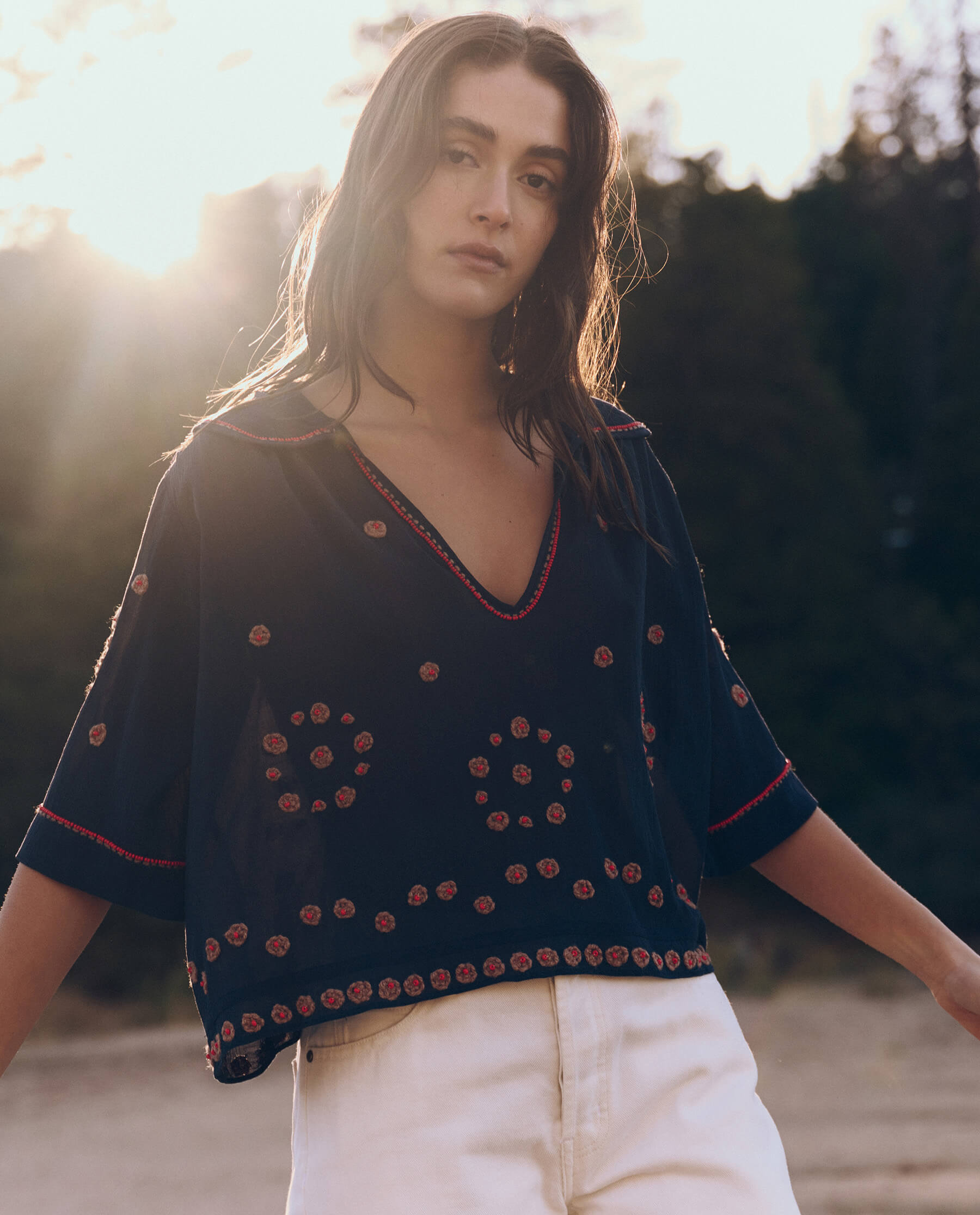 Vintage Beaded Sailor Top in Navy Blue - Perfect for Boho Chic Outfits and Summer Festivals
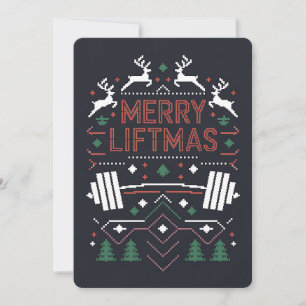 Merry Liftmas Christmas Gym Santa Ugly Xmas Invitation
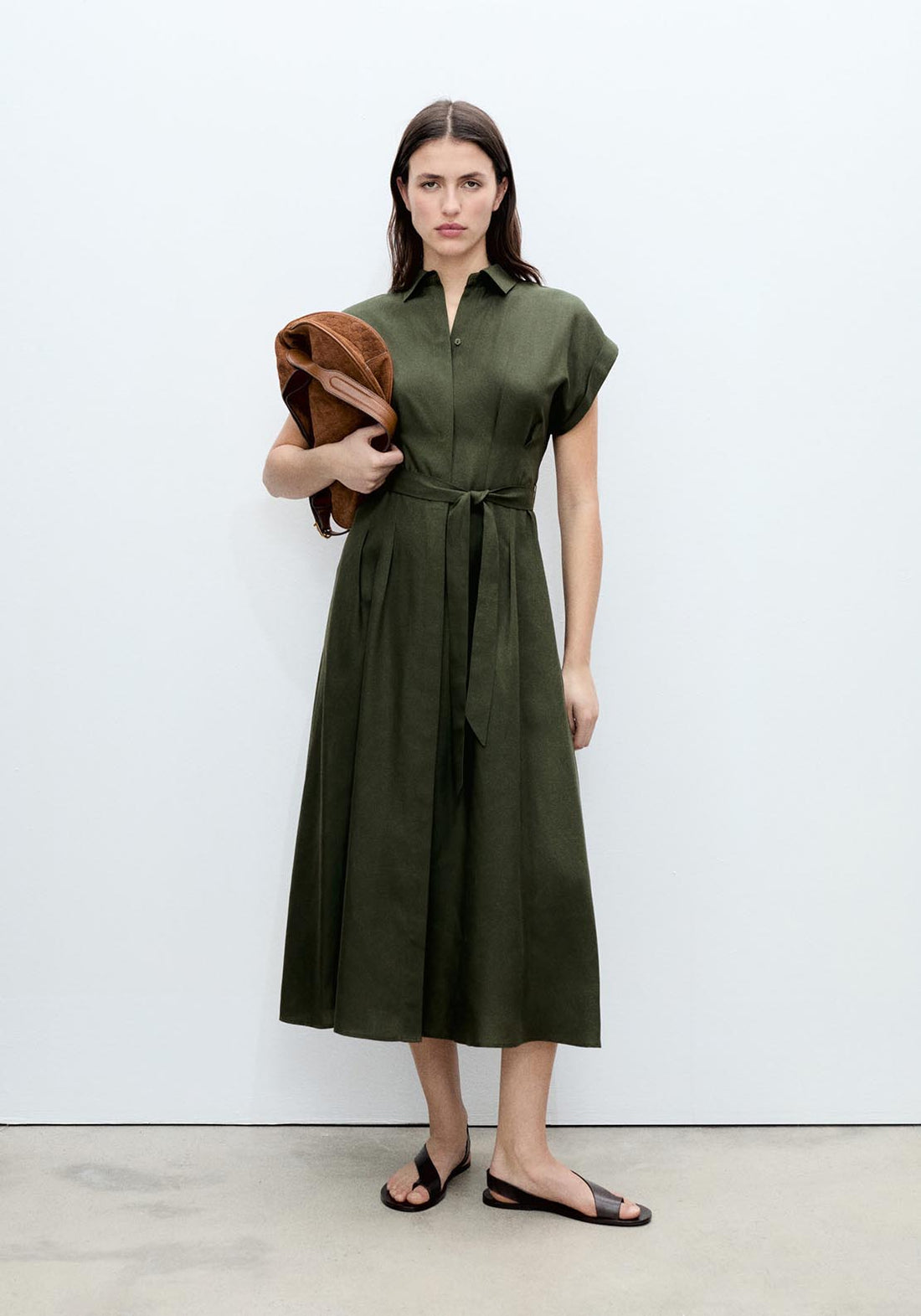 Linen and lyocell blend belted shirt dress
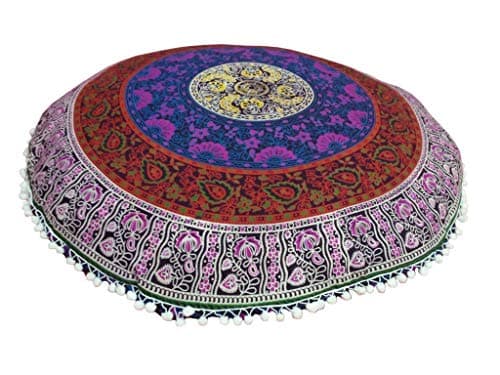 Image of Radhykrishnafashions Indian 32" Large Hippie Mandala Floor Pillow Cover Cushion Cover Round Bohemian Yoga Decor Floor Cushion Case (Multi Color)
□ □ □ □ □
Exercise description: Excluding the pictures, retype the line containing "Merry Liftmas Christmas" and all lines after it down to the end of the data above.

Written solution:
 Merry Liftmas Christmas Gym Santa Ugly Xmas Invitation
 Linen and lyocell blend belted shirt dress
 Image of Radhykrishnafashions Indian 32" Large Hippie Mandala Floor Pillow Cover Cushion Cover Round Bohemian Yoga Decor Floor Cushion Case (Multi Color)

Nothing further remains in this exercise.